Menurut Kompasianer, apa yang membuat serapan APBD selalu rendah tiap tahunnya? Apa yang perlu "digenjot" oleh Pemerintah Daerah supaya bisa terserap dengan baik?
Apa sesungguhnya persoalan di balik penggunaan dana APBD sehingga penyerapannya belum maksimal? Bukankah masih banyak persoalan yang perlu dibenahi dan membutuhkan pendanaan? Apakah Kompasianer merasakan dampak dari rendahnya penyebaran APBD?
Sekretaris Jenderal Kementerian Dalam Negeri (Kemendagri) Suhajar Diantoro menyoroti capaian realisasi anggaran, salah satunya realisasi pendapatan tingkat kabupaten/kota yang baru 43,21 persen per 21 Juli 2023.
Selain realisasi pendapatan yang rendah, realisasi belanja di tingkat kabupaten/kota juga baru 35,41 persen. Tapi, hal yang paling mencengangkan: anggaran yang tertunda untuk dibelanjakan nilainya sekitar Rp 250 triliun.
Mungkin selama pandemi COVID-19 bisa kita pahami, karena pejabat daerah hampir tidak ada yang melakukan perjalanan dinas.
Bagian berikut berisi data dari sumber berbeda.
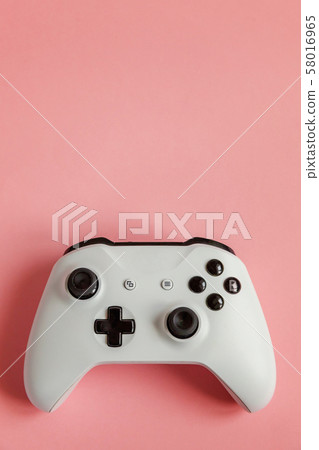 White joystick on pink background. Computer gaming White joystick on pink background. Computer gaming 58016965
Namun, sekarang, kenapa pendapatan dan/atau belanja daerah tetap rendah?
Menurut Kompasianer, apa saja yang perlu dibenahi dari provinsi tempat tinggalmu dan bisa menjadi lahan serapan APBD? Misalnya pengadaan BRT, pembenahan infrastruktur, atau penurunan angka stunting.
Jika para pejabat daerah ini membaca, apa yang Kompasianer ingin usulkan supaya APBD dapat dibelanjakan secara efektif dan tepat sasaran?
Silakan tambah label Serapan APBD (menggunakan spasi) pada tiap konten yang dibuat.